Reputation: 49
I have a df(Below) and a vector as c("B", "F"), I want to first split the df as list based on ID and then if any of the values in column "Name" matches in the vector c("B", "F") then assign column "Final" with that particular value in the vector for all rows.
ID Name
1 A
1 B
2 C
1 D
2 E
2 F
3 C
what I have tried till now is below :
df_list <- dlply(df, "ID")
df_list_2 <- lapply(df_list, transform,
Final = case_when(
sum(str_count(grepl(Name, "B"))) >= 1 ~ "B",
sum(str_count(grepl(Name, "F"))) >= 1 ~ "F",
TRUE ~ "No"))
My Final result should be as below
List 1 :
ID Name Final
1 A B
1 B B
1 D B
List 2:
ID Name Final
2 C F
2 E F
2 F F
List 3 :
ID Name Final
3 C NO
This is just a sample data, I have to run this on million of records with the vector list containing about 20 string values
Upvotes: 1
Views: 1802
Reputation: 51582
Here is a base R idea based on your description,
lapply(split(df, df$ID), function(i) {
i1 <- i$Name[i$Name %in% v1];
data.frame(i, Final = replace(i1, length(i1) == 0, 'NO'))
})
which gives,
$`1`
ID Name Final
1 1 A B
2 1 B B
4 1 D B
$`2`
ID Name Final
3 2 C F
5 2 E F
6 2 F F
$`3`
ID Name Final
7 3 C NO
DATA:
dput(df)
structure(list(ID = c(1L, 1L, 2L, 1L, 2L, 2L, 3L), Name = c("A",
"B", "C", "D", "E", "F", "C")), row.names = c(NA, -7L), class = "data.frame")
dput(v1)
c("B", "F")
EDIT: If you have more than 1 final elements, then you can convert to strings, i.e.

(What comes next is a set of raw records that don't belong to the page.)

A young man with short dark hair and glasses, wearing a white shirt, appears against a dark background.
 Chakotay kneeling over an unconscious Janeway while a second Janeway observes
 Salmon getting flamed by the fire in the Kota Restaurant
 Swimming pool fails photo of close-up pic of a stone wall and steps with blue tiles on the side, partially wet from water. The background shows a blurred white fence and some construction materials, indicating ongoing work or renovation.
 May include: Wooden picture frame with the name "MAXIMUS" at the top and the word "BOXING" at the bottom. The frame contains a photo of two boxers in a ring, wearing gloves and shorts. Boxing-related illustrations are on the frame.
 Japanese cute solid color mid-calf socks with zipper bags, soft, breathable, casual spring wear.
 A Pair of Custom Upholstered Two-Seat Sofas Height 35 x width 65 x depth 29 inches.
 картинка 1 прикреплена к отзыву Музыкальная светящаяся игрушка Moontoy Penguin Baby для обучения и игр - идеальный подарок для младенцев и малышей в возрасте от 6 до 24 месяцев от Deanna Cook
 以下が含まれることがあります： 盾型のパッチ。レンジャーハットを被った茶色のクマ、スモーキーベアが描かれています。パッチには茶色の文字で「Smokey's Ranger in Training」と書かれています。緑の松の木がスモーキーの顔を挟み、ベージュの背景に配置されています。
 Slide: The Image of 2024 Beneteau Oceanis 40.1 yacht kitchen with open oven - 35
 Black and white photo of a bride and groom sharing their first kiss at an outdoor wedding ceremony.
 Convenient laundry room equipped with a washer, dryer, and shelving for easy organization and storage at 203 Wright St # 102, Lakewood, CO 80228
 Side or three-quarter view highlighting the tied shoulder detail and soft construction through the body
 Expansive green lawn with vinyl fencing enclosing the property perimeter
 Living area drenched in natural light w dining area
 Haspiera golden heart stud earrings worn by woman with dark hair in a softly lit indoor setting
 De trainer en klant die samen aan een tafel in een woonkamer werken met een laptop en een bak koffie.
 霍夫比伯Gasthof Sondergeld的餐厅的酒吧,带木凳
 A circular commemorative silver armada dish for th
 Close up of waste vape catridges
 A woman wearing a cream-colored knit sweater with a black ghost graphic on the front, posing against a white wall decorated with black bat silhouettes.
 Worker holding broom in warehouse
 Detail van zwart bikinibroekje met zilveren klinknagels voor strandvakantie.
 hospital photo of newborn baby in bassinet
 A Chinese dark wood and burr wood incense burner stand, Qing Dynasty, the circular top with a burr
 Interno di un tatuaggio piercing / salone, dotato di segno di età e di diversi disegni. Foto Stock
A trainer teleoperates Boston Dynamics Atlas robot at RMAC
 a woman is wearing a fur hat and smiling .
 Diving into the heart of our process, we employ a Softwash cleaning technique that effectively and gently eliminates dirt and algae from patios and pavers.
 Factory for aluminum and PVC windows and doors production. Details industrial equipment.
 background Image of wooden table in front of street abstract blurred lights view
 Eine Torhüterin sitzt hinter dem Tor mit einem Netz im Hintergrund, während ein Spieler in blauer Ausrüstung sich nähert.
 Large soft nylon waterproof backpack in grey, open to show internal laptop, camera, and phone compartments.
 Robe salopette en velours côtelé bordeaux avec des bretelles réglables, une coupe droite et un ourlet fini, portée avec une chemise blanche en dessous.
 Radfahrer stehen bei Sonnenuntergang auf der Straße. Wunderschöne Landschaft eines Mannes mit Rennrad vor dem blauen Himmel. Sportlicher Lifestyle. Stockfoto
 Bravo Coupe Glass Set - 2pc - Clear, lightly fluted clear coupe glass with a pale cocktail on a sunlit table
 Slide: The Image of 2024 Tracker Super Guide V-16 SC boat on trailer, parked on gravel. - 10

lapply(split(df, df$ID), function(i) {i1 <- i$Name[i$Name %in% v1];
data.frame(i, Final = ifelse(length(unique(i1)) > 1,
toString(unique(i1)), ifelse(length(unique(i1)) == 0, 'NO', i1)))})
Upvotes: 2
Reputation: 7724
You can also use group_by
from dplyr
:
library(plyr) # Load plyr first if you use it with dplyr
library(dplyr)
match_vector <- c("B", "F")
df_new <- df %>%
group_by(ID) %>%
mutate(Final = if_else(any(Name %in% match_vector),
paste(match_vector[match_vector %in% Name], collapse = ";"),
"No"))
df_new
# A tibble: 7 x 3
# Groups: ID [3]
# ID Name Final
# <int> <chr> <chr>
# 1 1 A B
# 2 1 B B
# 3 2 C F
# 4 1 D B
# 5 2 E F
# 6 2 F F
# 7 3 C No
I used paste(match_vector[match_vector %in% Name], collapse = ";")
here, which would print all matches in the Final column, if there are several. If you don't want this use match_vector[match_vector %in% Name][1]
to get the first match.
If you need the list-structure you can then use split
(base R) or dlply
(plyr
):
dlply(df_new, "ID")
split(df_new, df_new$ID)
$`1`
# A tibble: 3 x 3
# Groups: ID [1]
ID Name Final
<int> <chr> <chr>
1 1 A B
2 1 B B
3 1 D B
$`2`
# A tibble: 3 x 3
# Groups: ID [1]
ID Name Final
<int> <chr> <chr>
1 2 C F
2 2 E F
3 2 F F
$`3`
# A tibble: 1 x 3
# Groups: ID [1]
ID Name Final
<int> <chr> <chr>
1 3 C No
Upvotes: 1